BNA or Brand New Animal is an original twelve episode anime that was produced by Studio Trigger. The same studio behind Kill la Kill and the fantastic Promare. This was a show that I was excited to watch as a result of the studio that was behind its creation, however my excitement for the show was slightly dampened as a result of hearing that it would be released through Netflix worldwide. Which means that there is a good chance that one would have to wait at least half a year from the time the show is airing in order to actually see it if you are living outside of Japan, which is the case I found myself in.
The story takes place in a world where there is a certain section of the world’s population that is made up of beastmen, who are both beast and human, and can switch between the two at will. Our lead character is Michiru who is a Tanuki. She is a rarity in this world as she is one of the only people in the world that used to be human, and is now a beastman. Our secondary lead is Shirou, who is a beastman that is a wolf and the protector of Anima City.
In watching the show I found that there were more than a few themes that were related to the recently aired, and fantastic Beastars. Both scripts for the two shows were written by Higuchi Nanami. With the inclusion of humans in this narrative the issues that were brought up in Beastars are not only prevalent in BNA but are amplified to have a wider context, where we see not only the prejudice between beastmen and humans, but also beastmen and beastmen.
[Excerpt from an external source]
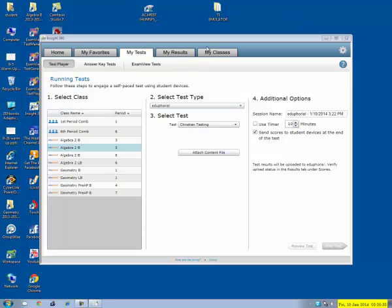And of course, it reminds you, please make sure that you turn your projector off before you look at the results. But you can close and view the results, which if you had a class going, you didn't have your projector up. Of course, you could do that and look at your results. They will pop up in just a minute.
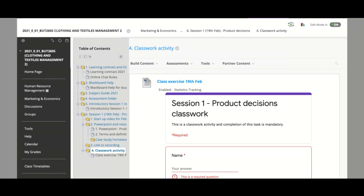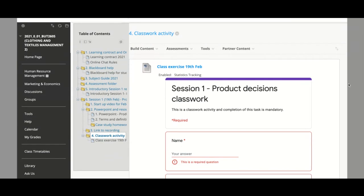This is how your standard Marketing and Economics folder will look throughout the year. There might be a few additions or things not applicable for certain chapters, but 90% of the time this is the layout you can expect to see. I just wanted to show you this first example so you don't have questions about what and how. Everything is self-explained in the startup video and the links, so it should be loud and clear what is expected of you every session.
From a narrative perspective, the story progresses well, with information being continuously drip fed, allowing the world, politics and social standing of the various characters and communities to be expanded and explored. What is really interesting is the individual philosophies of the characters being brought out of them so that they could be explored in detail, by in turn pitting conflicting ideologies. This creates both drama between the characters and simultaneously an in depth discussion on race relations as a whole. This is what I feel the show handles really well. The race relations, showing a variety of extremes and in betweens. Some fighting against it, some profiting from it, and some orchestrating it. It shows the multiple facets that are involved when it comes to the race discussion rather than the superficial, and surface level discussions that one usually sees in the media. The fact that animals are used makes the exploration that much safer, and palatable to digest. This allows individuals of various ages to participate in the conversation, rather than a group of people above a certain age. To conclude this paragraph, the ideal that the show ends with is optimistic, and hopeful.
The characters are wonderfully written. They all have a depth to them that makes them easy to empathize with, and they all carry with them an ideal that is related to the central narrative. Despite this, I do think that the villain was incredibly obvious, even by Trigger standards. Though thankfully they do not linger on the twists for too long and simply gets on with the narrative. In addition I found at times that Michiru was behaving in a way that the narrative needed to make something happen rather than the character that was developed, growing a sense of frustration when she does something that anyone would be able to see is the obviously wrong thing to do. My two favourite characters were Shirou and the Mayor of Anima City. They were written as moderate and extreme, much like how Magneto and Professor X were, much like how they were based on Malcolm X and Martin Luther King Jr. Only unlike in the X-Men franchise, the two are working together, to protect their kin in the way each knows best. From a purely entertainment perspective, I absolutely loved the baseball team. There were times they reminded me of the body improvement club from Mob Psycho 100, and as a result were incredible endearing in how earnest they were.
From a visual standpoint the show is a quintessential Trigger anime. A lot of bright colours, expressive characters, unique character designs, simple yet efficient backgrounds, and immaculate movement from characters that really pull you into the narrative. The music holds up just as well, and there are swells where all aspects of the narrative came together beautifully, the narrative, characters, visuals, and music, to conclude in incredibly emotional moments that bring tears to the eyes.
This is a show that I highly recommend you watch, and it is available to stream on Netflix. It is currently only available in Japan so if you do not want to wait for the worldwide release, a VPN would be advantageous.